I’ve been mining information on “obscure” little boards for over 10 years. In 2003, in this context, I recorded interviews with Reno Abellira (who was living with my brother, Peter, at the time), Nick and Bear Mirandon, and John Elwell. In 2004 I talked to George Greenough and Bob McTavish on the subject, and recorded interviews with Steve Lis and Skip Frye. By 2006 I’d interviewed Wally Froiseth, Bev Morgan, Ben Aipa, Rabbit Kekai, Jeff Ching, and Al Nelson. During that time Andrew Kidman conducted an interview with Mark Richards on my behalf, and Cher Pendarvis conducted an interview with paipo rider Valentine Ching. Over the years I interviewed many others, including Mike Eaton, Larry Gephart, and David Nuuhiwa. Between all of their experiences a pretty comprehensive picture of pre-thruster design evolution began to emerge. Conventional wisdom relegated many of the little boards built and ridden by these surfers to ‘flash in the pan” novelty status, but the more I looked into it the more I saw them as cornerstones in the foundation of progressive design.

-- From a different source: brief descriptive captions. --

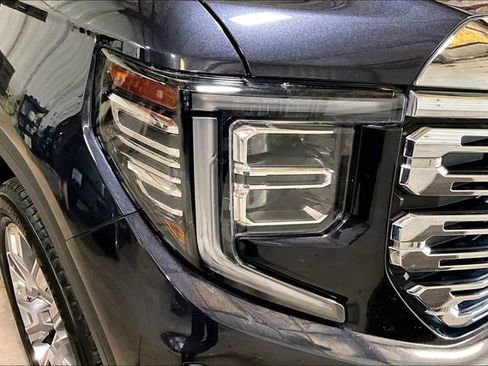 Certified 2023 GMC Sierra 1500 Denali w/ Denali Reserve Package AWD/4WD image 4
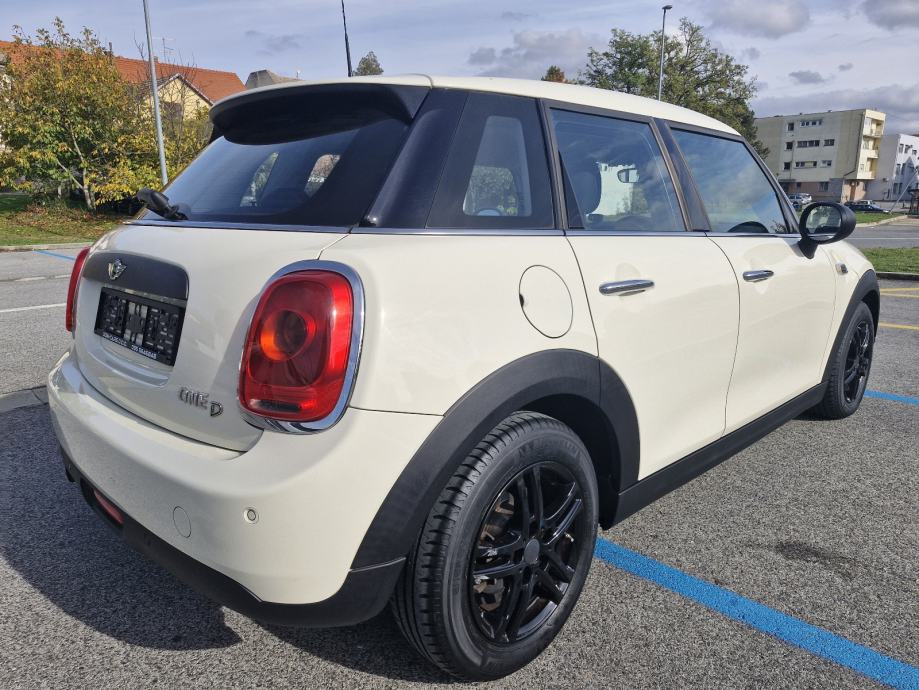 MINI One D 1.5d,JAMSTVO 1.God, 55000km,TOP STANJE, fotografija 5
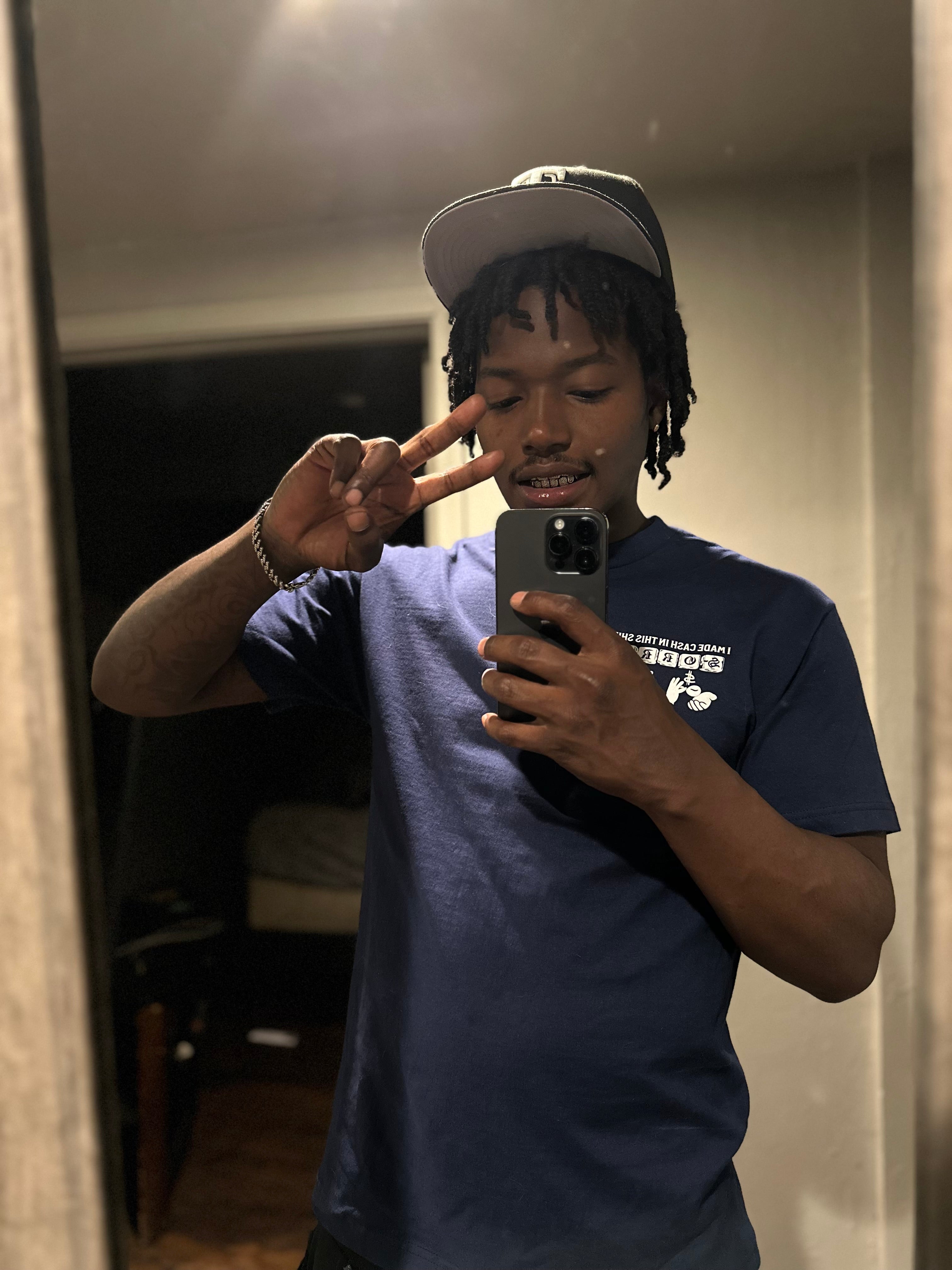 NAVY TEE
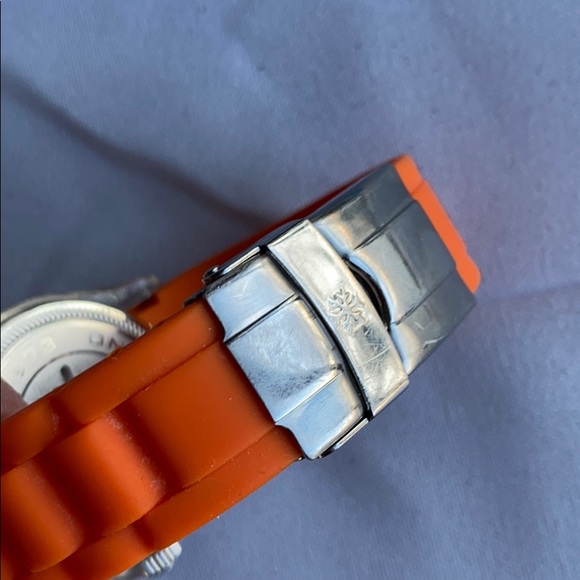 COPY - IKE Orange Watch. - Picture 6 of 8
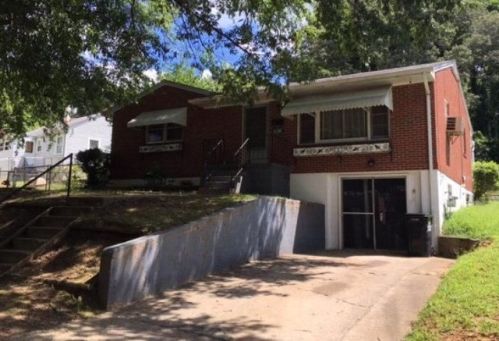 252 Jordon St, Danville, VA 24540-2632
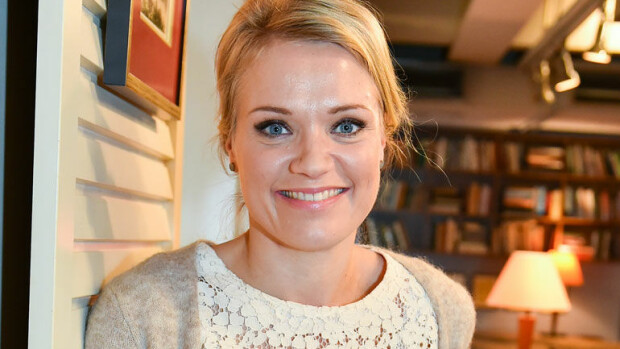 HS: Maaret Kallio kysyi tunnetuilta suomalaisilta, mitä he haluaisivat sanoa nuorelle itselleen - nyt julkkikset ottivat haasteen vastaan Instagramissa! Katso neuvot ja nostalgiset nuoruuskuvat! Maaret Kallio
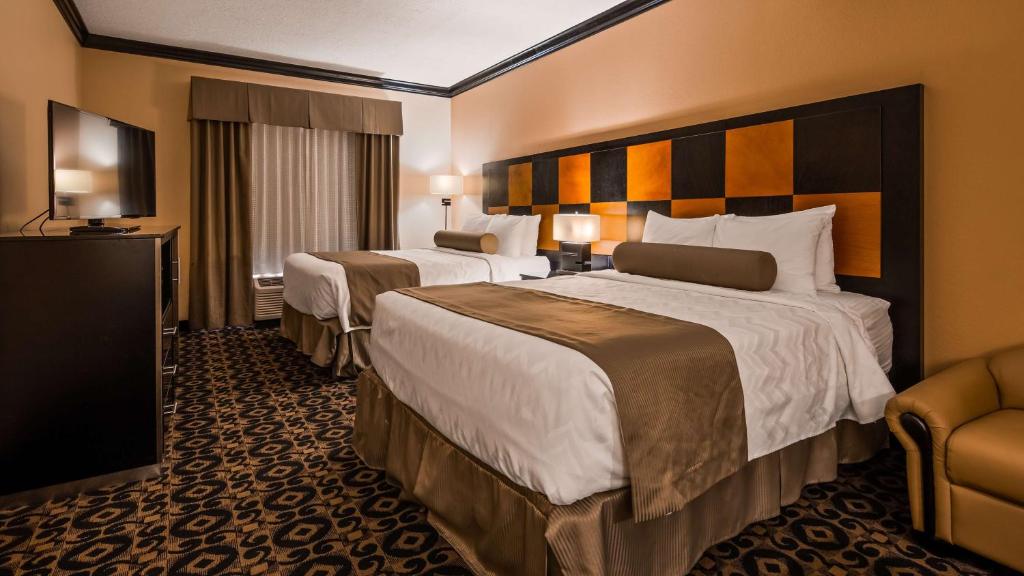 BEST WESTERN PLUS Airport Inn and Suites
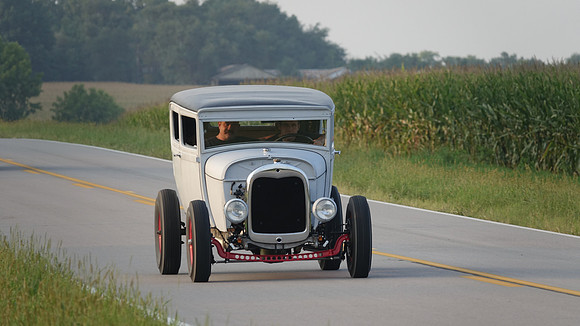 0818_28_sedan_2476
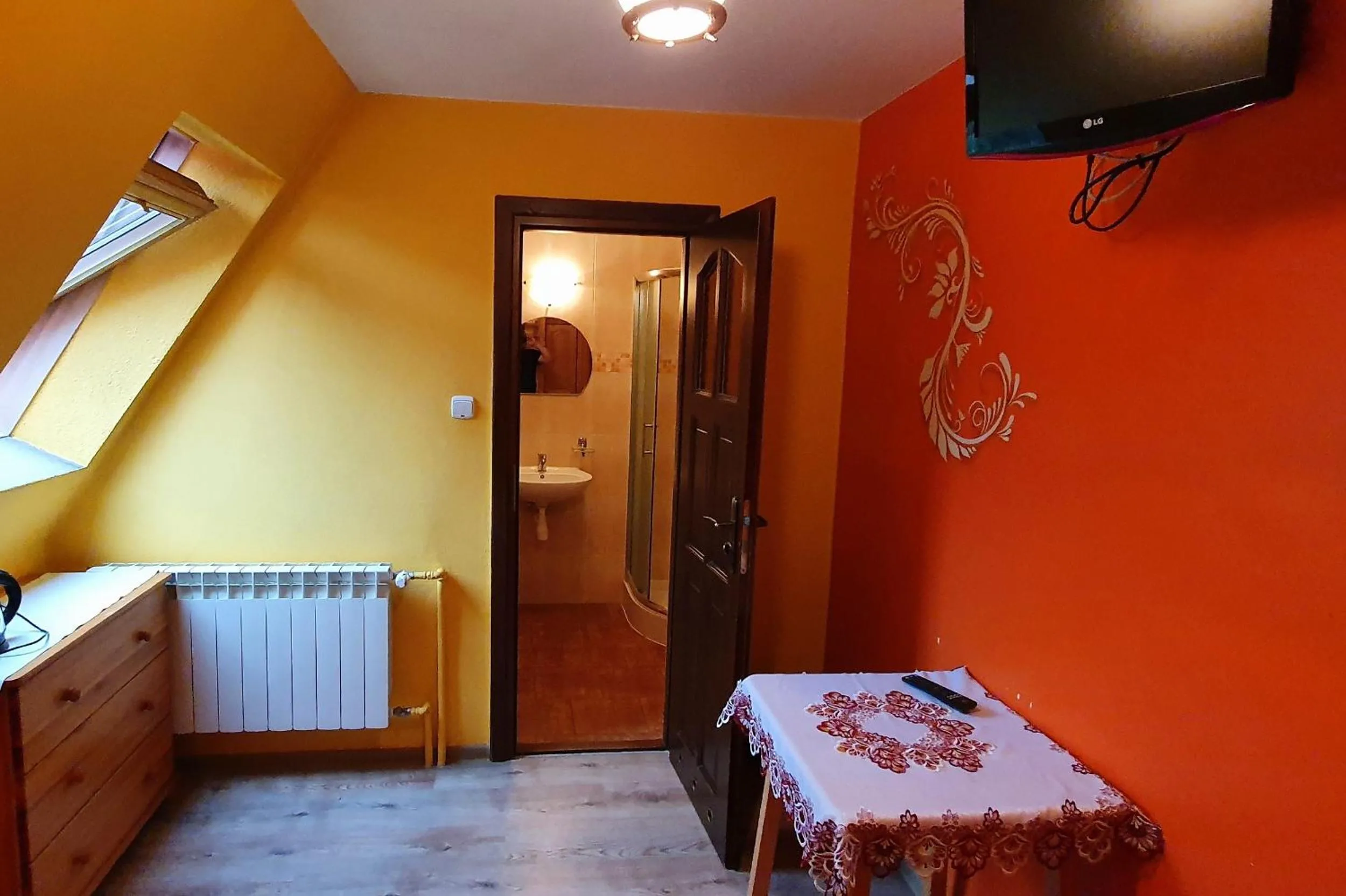 Photo of the whole room, Bed in Tatrzańska Rezydencja pod Brzyzkiem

Given the unfair advantage of 54 years of hindsight, the juxtaposition of the two surfboards in this old snapshot is thought provoking, to say the least. Foam had only recently replaced balsa in 1960, and boards like the one on the left of the photo were now “maneuverable” because they were “light”. But the single fin design itself hadn’t changed much in the transition from wood to foam. Now, I’d wager my bottom nickel (and throw in a set wave at Windansea in July for good measure) that most of us could agree, in 2014, that by today’s standards the older balsa board on the right will out-maneuver the foam board on the left. Not because of the materials it was made out of, but because of its size and it’s design.

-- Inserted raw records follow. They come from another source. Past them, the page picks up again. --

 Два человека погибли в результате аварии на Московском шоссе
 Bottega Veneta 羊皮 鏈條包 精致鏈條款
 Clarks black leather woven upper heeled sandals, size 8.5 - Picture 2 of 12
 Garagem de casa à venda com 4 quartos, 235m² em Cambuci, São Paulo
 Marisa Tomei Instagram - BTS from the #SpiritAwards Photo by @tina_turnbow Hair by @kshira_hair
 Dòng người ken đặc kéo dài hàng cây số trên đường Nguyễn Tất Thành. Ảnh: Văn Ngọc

“The little twin fin was an idea that popped up one day” Nelson told me in 2006 “because I had a lot of five and a half foot slats of balsa left over from the wood bundles I was getting from General Veneer. I decided to just glue them together and make a little board. I ended up with a parallel-railed little board with a wide tail. With a wide tail like that, Simmons’s answer was to put two fins on it, so I just went, yeah, that’s what I’ll do, sure.” Nelson was very matter of fact and nonchalant about the whole thing. It was just a practical use of leftover materials, and a successful experiment to see if such a little board could be ridden. ‘And it wasn’t hard to ride” he said.
The phrase “flash in the pan” originated with the use of flintlock firearms 300 years ago. Sometimes the powder in a musket’s firing pan sparked and “flashed” but didn’t ignite the main charge in the gun barrel. Maybe the powder in the barrel was damp, or the spark didn’t pass through the “touchhole” between the pan and the barrel. Either way, the gun failed to fire the bullet. Not because it didn’t “flash” but because something failed at the point of connection. Nevertheless, “flash in the pan” came to mean a thing that failed to deliver, something that came and went in a flash without any lasting effect. Which isn’t really fair on the flash pan if you think about it. It flashed just like it was supposed to. Despite the brilliant flashes of Simmons, Froiseth, Lis, Abellira, and Nelson, it wouldn’t be until Mark Richards came along that the flash in the pan would finally connect with the main charge, fire the bullet, and hit its mark. It’s been all about dynamic rail-to-rail surfing, on short boards with multiple fins, ever since. From that perspective, Nelson’s little board isn’t a novelty. It’s a prophecy.”